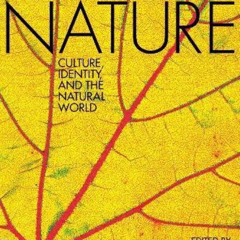 [Get] EBOOK ☑️ The Colors of Nature: Culture, Identity, and the Natural World by  Ali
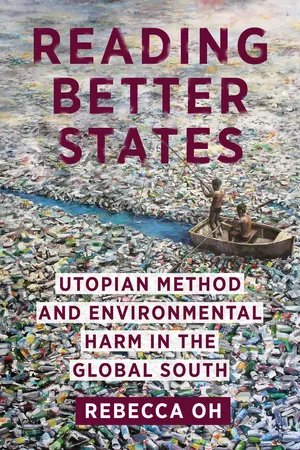 Reading Better States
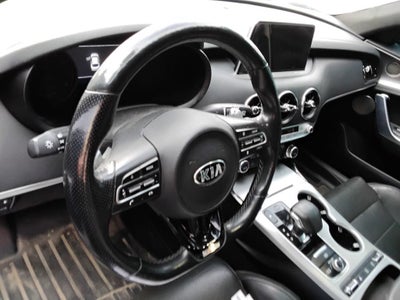 2019 Kia Stinger GT2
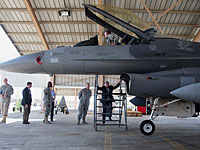 Самолеты американских ВВС будут совершать налеты на ИГ из Турции
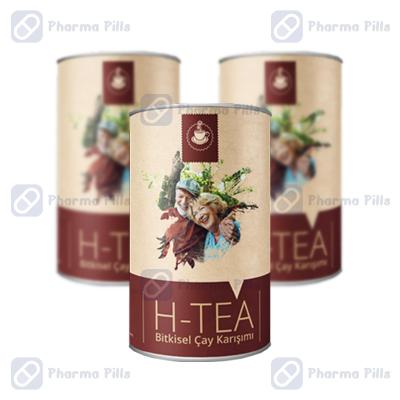 H-Tea Çay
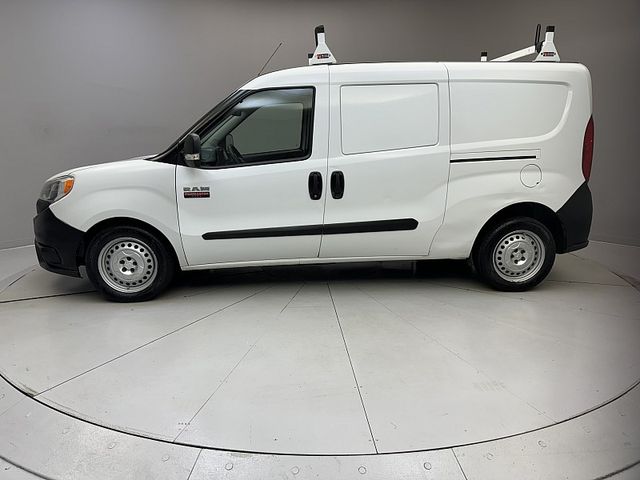 2017 Ram ProMaster Tradesman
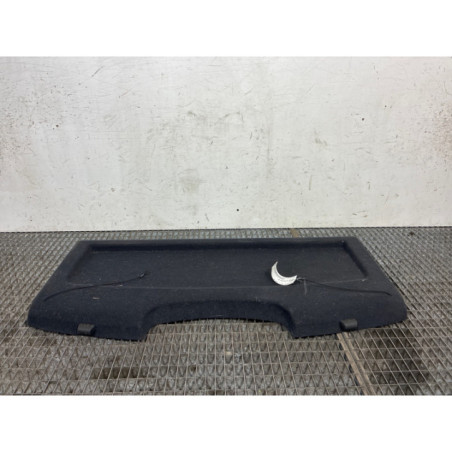 Plage arriere SKODA FABIA 2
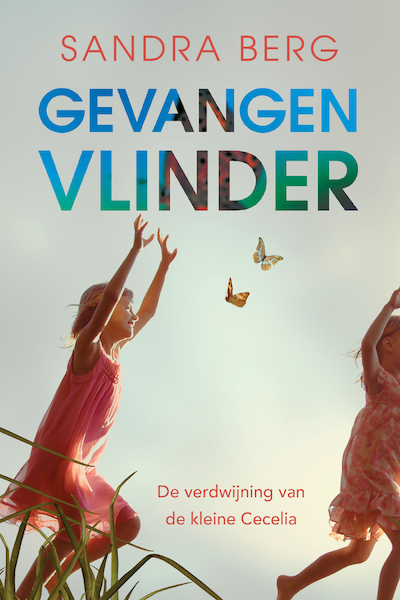 Gevangen vlinder - Sandra Berg (ISBN 9789401911078)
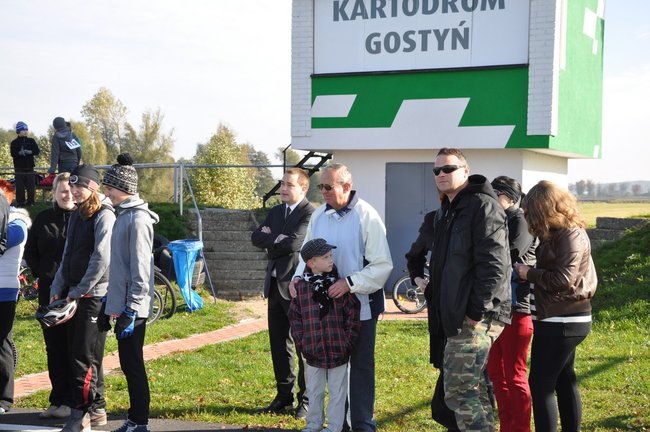 Festyn na dwóch kółkach - zdjęcia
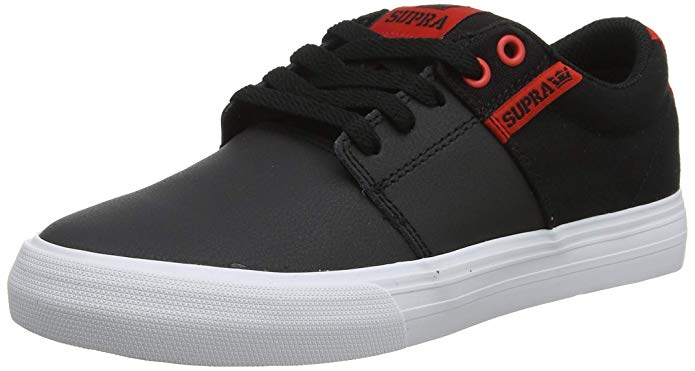 Supra Stacks Vulc Ii Supra Stacks Vulc Ii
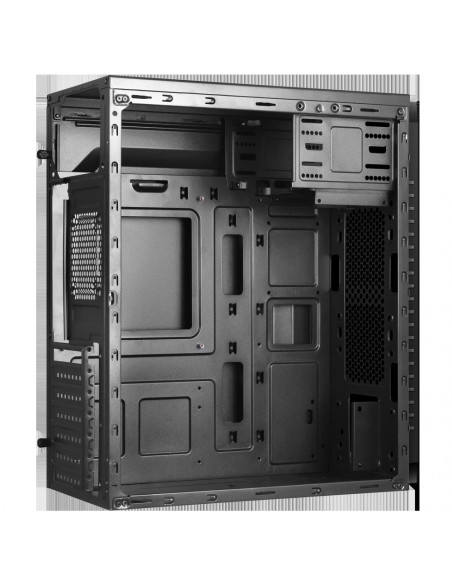 Carcasa RPC CSMD-AB55UDB-CO01A, Middle Tower, sursa 550W, ATX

== == ==

The answer should consist only of the lines from the one with "Festyn na dwóch kółkach - zdjęcia" through the last line of the material above, copied exactly, with no pictures.

 Festyn na dwóch kółkach - zdjęcia
 Supra Stacks Vulc Ii Supra Stacks Vulc Ii
 Carcasa RPC CSMD-AB55UDB-CO01A, Middle Tower, sursa 550W, ATX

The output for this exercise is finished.